Sayangnya, ia enggan mengatakan, berapa insentif tambahan tersebut. Selain membeli gabah dari para petani maupun kelompok tani, pihaknya terlibat aktif dalam peningkatan kesejahteraan petani melalui pendampingan bantuan teknis untuk meningkatkan produktivitas dan mutu produksi. Dengan begitu, diharapkan akan ada peningkatan kesejahteraan bagi para petani. "Ada nilai tambah beli gabah," ujar dia.

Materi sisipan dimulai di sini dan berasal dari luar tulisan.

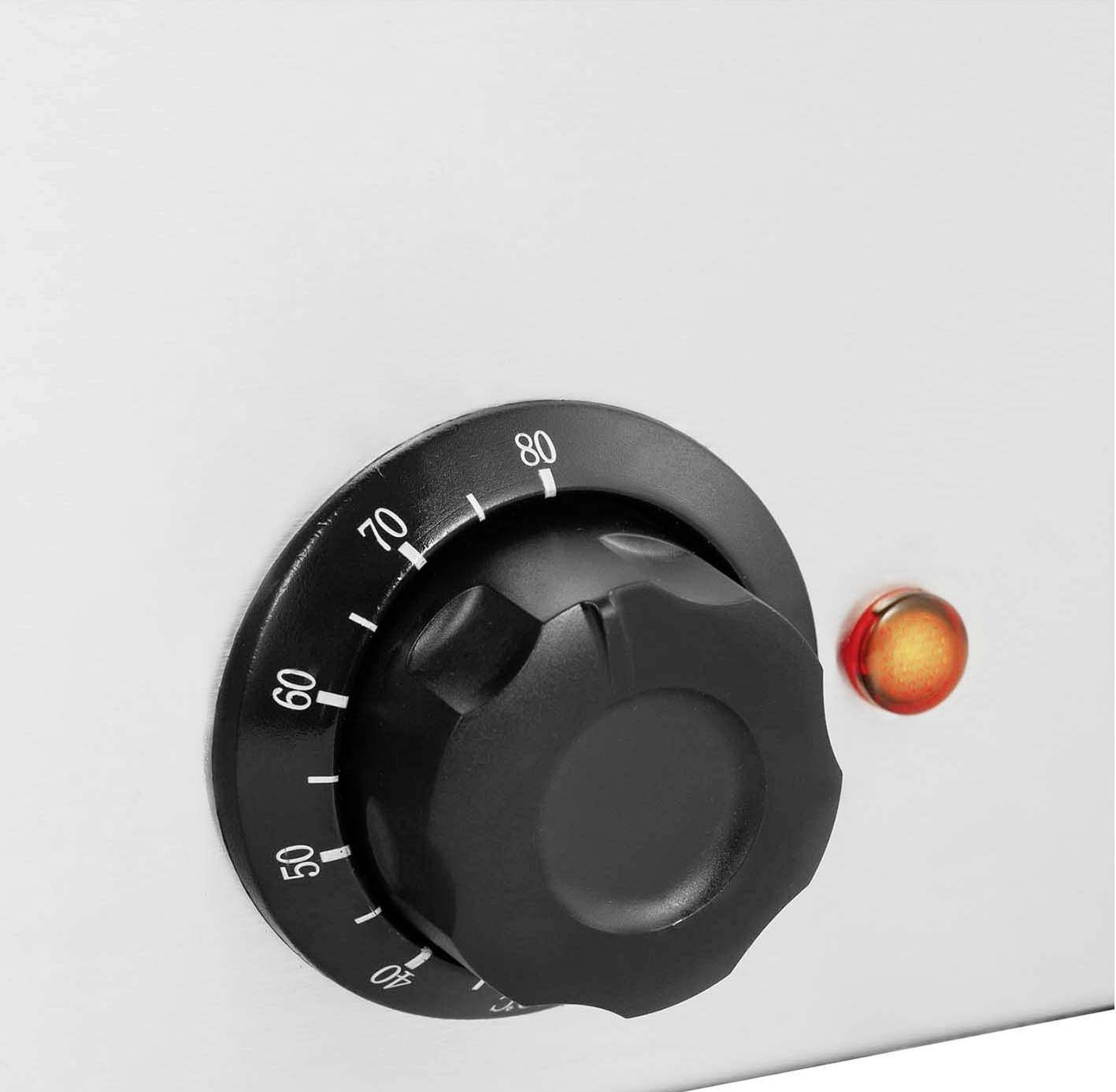 Een temperatuurregelaar met een schaal van 60 tot 80 graden en een draaiknop naast een rond controlelampje.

Beras yang dijual perusahaan, diakui Jo Tjong Seng atau yang akrab disapa Aseng, telah sesuai dengan Standar Nasional Indonesia (SNI) dan masuk dalam beras premium. Parameter premium sesuai SNI tersebut ditentukan berdasarkan fisik, yakni derajat sosoh yang mencakup kebersihan, keputihan, dan mengkilatnya beras dan kadar air di bawah 14 persen. Kandungan gizi juga dipaparkan secara jelas dalam kemasan guna memudahkan para konsumen mendapatkan informasi.
Angka kandungan gizi yang tertera di kemasan didapat dari pengujian yang dilakukan di laboratorium terakreditasi. Untuk menjaga mutu beras tersebut, pihaknya secara periodik melakukan pengujian kembali melalui laboratoriun terakreditasi. "Tidak ada kaitannya dengan jenis ataupun varietas beras," kata dia.
Varietas yang ditanam para petani yang bekerja sama dengan PT. IBU adalah varietas yang menjadi pilihan konsumen seperti IR 64, Ciherang, Himpari, dan varietas lainnya. Ia mengaku tidak mengetahui secara jelas apa saja varietas yang mereka tanam.
Namun, berbagai jenis beras tersebut diolah perusahaan dengan sangat hati-hati untuk mengurangi adanya patahan. Dengan begitu, beras yang didapat dari petani tersebut diproduksi menjadi beras kemasan sesuai dengan kriteria mutu SNI. "Beras Rojolele yang terkenal premium kalau nggak dikelola dengan baik akan jadi beras medium," katanya.